══ DATA FOR THIS EXERCISE ══
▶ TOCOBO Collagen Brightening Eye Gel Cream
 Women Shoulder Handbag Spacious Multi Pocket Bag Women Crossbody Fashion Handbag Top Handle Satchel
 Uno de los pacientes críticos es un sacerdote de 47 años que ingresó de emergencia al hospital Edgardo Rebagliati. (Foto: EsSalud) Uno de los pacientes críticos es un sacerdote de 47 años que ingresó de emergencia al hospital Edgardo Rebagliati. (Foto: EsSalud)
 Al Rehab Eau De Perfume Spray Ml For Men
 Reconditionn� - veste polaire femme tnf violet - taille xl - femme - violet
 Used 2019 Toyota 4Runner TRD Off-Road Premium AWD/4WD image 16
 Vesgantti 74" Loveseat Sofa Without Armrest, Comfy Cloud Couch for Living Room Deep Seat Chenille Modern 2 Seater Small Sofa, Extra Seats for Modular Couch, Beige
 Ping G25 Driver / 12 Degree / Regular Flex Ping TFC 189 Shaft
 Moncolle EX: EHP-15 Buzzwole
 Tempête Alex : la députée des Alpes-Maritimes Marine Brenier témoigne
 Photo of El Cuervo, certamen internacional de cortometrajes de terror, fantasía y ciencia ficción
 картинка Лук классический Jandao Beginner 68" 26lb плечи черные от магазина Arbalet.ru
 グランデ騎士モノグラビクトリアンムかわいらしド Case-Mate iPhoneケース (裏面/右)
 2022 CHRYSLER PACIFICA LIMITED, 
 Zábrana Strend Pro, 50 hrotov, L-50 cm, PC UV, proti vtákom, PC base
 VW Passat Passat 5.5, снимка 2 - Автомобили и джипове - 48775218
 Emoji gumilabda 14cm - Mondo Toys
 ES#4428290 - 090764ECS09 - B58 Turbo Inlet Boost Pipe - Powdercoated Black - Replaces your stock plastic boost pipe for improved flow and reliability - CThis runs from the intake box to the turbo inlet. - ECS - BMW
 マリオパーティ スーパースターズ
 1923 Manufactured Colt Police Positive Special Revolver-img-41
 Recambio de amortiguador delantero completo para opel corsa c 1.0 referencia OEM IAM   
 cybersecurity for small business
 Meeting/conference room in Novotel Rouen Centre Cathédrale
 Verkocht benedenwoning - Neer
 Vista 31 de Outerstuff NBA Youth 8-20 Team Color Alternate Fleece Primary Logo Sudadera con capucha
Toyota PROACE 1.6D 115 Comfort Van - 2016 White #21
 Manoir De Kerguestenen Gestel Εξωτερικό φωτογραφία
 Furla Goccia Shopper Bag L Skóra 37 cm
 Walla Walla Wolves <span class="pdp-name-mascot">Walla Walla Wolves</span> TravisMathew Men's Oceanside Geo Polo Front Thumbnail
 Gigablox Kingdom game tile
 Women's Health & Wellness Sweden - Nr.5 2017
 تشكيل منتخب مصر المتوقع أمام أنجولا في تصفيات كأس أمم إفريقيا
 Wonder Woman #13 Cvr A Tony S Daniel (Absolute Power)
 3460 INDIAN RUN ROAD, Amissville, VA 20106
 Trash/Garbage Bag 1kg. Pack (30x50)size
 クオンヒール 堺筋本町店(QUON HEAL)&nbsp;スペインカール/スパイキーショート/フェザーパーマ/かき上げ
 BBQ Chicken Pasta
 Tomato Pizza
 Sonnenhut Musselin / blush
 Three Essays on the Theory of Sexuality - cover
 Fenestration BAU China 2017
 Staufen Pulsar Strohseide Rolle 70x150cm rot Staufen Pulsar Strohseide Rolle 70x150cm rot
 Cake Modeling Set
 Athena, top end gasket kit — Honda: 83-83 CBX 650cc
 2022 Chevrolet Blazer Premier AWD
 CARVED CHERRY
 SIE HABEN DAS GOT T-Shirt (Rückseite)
═══
DESCRIPTION OF THE TASK: Would you show each line of the listing above that has the string "Women"?

EXERCISE RESPONSE:
 Women Shoulder Handbag Spacious Multi Pocket Bag Women Crossbody Fashion Handbag Top Handle Satchel
 Women's Health & Wellness Sweden - Nr.5 2017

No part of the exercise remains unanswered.